Wishy washy, hand wavy, security mumble jumble:

> This operation is repeated some number of times until enough work has been done, and then output is extracted. It’s reasonable to set the number of rounds to be be double the number of blocks stored in bulk memory. It might be okay to go far lower, but that feels sketchy. In particular, going lower might result in custom hardware being able to effectively pipeline the next block being uninitialized (which might be able to produce a small speedup on a general CPU anyway, further research needed).

"Some number of times", "reasonable", "feels sketchy", "further research needed"...

> There’s also an encryption function used, probably AES128...

"Probably AES128"... If there's one thing that you shouldn't tolerate in security, is relying on your feelings about mathematics. You can DO the math, your feelings on what the result might or might not be are not very interesting.

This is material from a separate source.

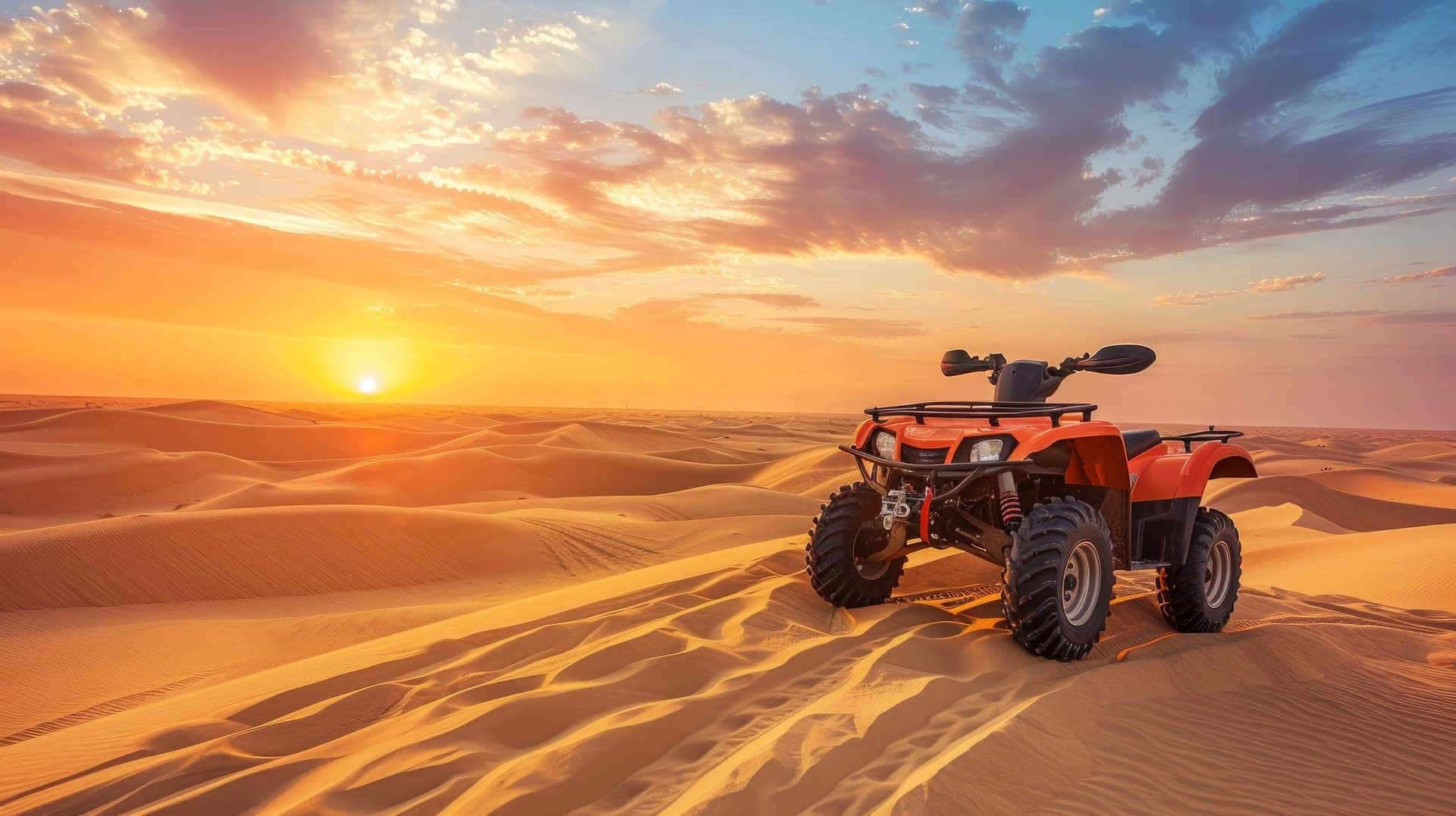 Off Roading ATV sitting atop sand dunes in the desert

The scrypt paper does all the research and math that this article doesn't do. It even includes dollar cost estimates for breaking passwords hashed with various algorithms. Yes, the scrypt algorithm itself already does what you need. The paper is highly recommended for developers who ever touch passwords.

http://www.tarsnap.com/scrypt.html

I also consider PBKDF2 acceptable for general password hashing.

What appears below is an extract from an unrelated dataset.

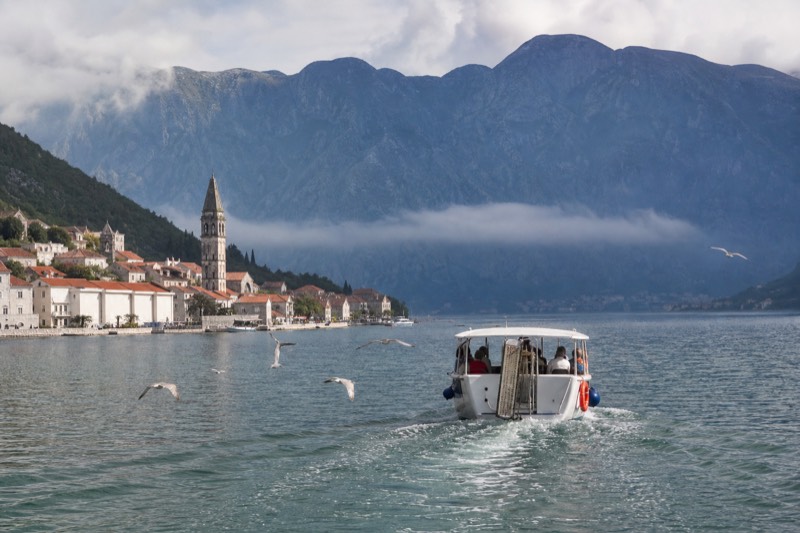 Morning mist lifting off the fjord-like Bay of Kotor, reached on a day trip from Dubrovnik in Croatia, a small tour boat crosses toward Venetian campaniles below black mountains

PBKDF2, bcrypt, and scrypt are the three that most people find acceptable.

This blog post isn't meant to be an in-depth research paper, its tone is more, "hey, I have a neat idea, what does the community think?"


PBKDF2, BCrypt, and SCrypt were also "Hey, I have a neat idea. What does the community think?"

Just some people are more precise at writing, and offer better mathematics than other people.


"Offer better mathematics" is the whole point, don't you think? This is ultimately math. If the math is lacking in a proposed mathematical construct then what makes it worthwhile?


Scrypt also came with an academic paper in PDF format. Maybe one will follow when the ideas are more solid.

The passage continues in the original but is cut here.